* **EXERCISE BRIEF**: Your job is to set down the stretch of entries that opens with the line containing "Racchetta padel adulto" and closes with the line containing "Asi Collection PVC-placemat, grijs". Keep both end lines, copy each exactly, and add nothing.

** Opening SUPPLIED ENTRIES block **

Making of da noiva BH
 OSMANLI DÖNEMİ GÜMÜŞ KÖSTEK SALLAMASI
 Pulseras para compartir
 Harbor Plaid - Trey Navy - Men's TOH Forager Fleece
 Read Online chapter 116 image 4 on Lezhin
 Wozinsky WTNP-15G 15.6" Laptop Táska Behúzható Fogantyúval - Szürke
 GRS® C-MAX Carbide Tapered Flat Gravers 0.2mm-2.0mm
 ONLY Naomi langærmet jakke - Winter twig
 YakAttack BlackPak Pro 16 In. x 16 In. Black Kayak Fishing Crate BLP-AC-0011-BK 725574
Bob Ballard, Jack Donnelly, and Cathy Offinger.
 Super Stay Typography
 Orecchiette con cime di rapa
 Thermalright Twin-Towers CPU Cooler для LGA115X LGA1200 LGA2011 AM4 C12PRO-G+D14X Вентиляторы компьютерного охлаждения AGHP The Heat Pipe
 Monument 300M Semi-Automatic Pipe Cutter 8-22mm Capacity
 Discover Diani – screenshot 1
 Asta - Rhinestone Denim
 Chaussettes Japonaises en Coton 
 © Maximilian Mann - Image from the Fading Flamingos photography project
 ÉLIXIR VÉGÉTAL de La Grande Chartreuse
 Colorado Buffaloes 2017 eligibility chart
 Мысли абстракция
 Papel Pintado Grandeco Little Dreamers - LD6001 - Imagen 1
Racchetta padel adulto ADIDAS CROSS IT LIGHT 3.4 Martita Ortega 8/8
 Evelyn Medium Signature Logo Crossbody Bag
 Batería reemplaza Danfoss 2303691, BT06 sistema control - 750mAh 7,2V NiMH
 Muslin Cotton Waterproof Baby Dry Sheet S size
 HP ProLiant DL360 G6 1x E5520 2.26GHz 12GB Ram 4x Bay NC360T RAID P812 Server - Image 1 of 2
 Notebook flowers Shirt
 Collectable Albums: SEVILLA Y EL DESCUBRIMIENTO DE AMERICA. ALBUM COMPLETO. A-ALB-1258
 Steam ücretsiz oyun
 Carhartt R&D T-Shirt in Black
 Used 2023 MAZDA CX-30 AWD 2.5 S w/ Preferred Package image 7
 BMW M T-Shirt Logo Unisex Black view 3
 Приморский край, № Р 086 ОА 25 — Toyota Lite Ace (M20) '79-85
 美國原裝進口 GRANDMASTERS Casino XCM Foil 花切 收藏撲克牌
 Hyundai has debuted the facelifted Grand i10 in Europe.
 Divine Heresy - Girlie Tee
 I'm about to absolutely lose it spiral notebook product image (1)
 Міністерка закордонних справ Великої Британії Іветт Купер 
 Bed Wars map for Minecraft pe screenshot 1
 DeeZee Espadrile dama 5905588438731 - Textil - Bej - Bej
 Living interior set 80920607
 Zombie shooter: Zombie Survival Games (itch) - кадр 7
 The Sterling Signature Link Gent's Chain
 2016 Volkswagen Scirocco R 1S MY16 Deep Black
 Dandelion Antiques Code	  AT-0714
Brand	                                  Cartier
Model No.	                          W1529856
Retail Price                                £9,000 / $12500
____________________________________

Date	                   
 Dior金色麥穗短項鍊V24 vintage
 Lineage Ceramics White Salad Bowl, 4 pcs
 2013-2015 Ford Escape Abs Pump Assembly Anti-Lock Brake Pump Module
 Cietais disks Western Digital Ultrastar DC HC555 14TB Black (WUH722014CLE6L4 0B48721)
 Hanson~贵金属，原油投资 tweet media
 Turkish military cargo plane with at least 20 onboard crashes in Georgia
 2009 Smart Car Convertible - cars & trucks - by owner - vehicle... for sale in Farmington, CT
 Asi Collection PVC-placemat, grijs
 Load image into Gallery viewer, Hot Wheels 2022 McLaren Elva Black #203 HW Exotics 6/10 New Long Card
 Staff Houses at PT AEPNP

** Closing SUPPLIED ENTRIES block **

* **EXERCISE OUTPUT**:
Racchetta padel adulto ADIDAS CROSS IT LIGHT 3.4 Martita Ortega 8/8
 Evelyn Medium Signature Logo Crossbody Bag
 Batería reemplaza Danfoss 2303691, BT06 sistema control - 750mAh 7,2V NiMH
 Muslin Cotton Waterproof Baby Dry Sheet S size
 HP ProLiant DL360 G6 1x E5520 2.26GHz 12GB Ram 4x Bay NC360T RAID P812 Server - Image 1 of 2
 Notebook flowers Shirt
 Collectable Albums: SEVILLA Y EL DESCUBRIMIENTO DE AMERICA. ALBUM COMPLETO. A-ALB-1258
 Steam ücretsiz oyun
 Carhartt R&D T-Shirt in Black
 Used 2023 MAZDA CX-30 AWD 2.5 S w/ Preferred Package image 7
 BMW M T-Shirt Logo Unisex Black view 3
 Приморский край, № Р 086 ОА 25 — Toyota Lite Ace (M20) '79-85
 美國原裝進口 GRANDMASTERS Casino XCM Foil 花切 收藏撲克牌
 Hyundai has debuted the facelifted Grand i10 in Europe.
 Divine Heresy - Girlie Tee
 I'm about to absolutely lose it spiral notebook product image (1)
 Міністерка закордонних справ Великої Британії Іветт Купер 
 Bed Wars map for Minecraft pe screenshot 1
 DeeZee Espadrile dama 5905588438731 - Textil - Bej - Bej
 Living interior set 80920607
 Zombie shooter: Zombie Survival Games (itch) - кадр 7
 The Sterling Signature Link Gent's Chain
 2016 Volkswagen Scirocco R 1S MY16 Deep Black
 Dandelion Antiques Code	  AT-0714
Brand	                                  Cartier
Model No.	                          W1529856
Retail Price                                £9,000 / $12500
____________________________________

Date	                   
 Dior金色麥穗短項鍊V24 vintage
 Lineage Ceramics White Salad Bowl, 4 pcs
 2013-2015 Ford Escape Abs Pump Assembly Anti-Lock Brake Pump Module
 Cietais disks Western Digital Ultrastar DC HC555 14TB Black (WUH722014CLE6L4 0B48721)
 Hanson~贵金属，原油投资 tweet media
 Turkish military cargo plane with at least 20 onboard crashes in Georgia
 2009 Smart Car Convertible - cars & trucks - by owner - vehicle... for sale in Farmington, CT
 Asi Collection PVC-placemat, grijs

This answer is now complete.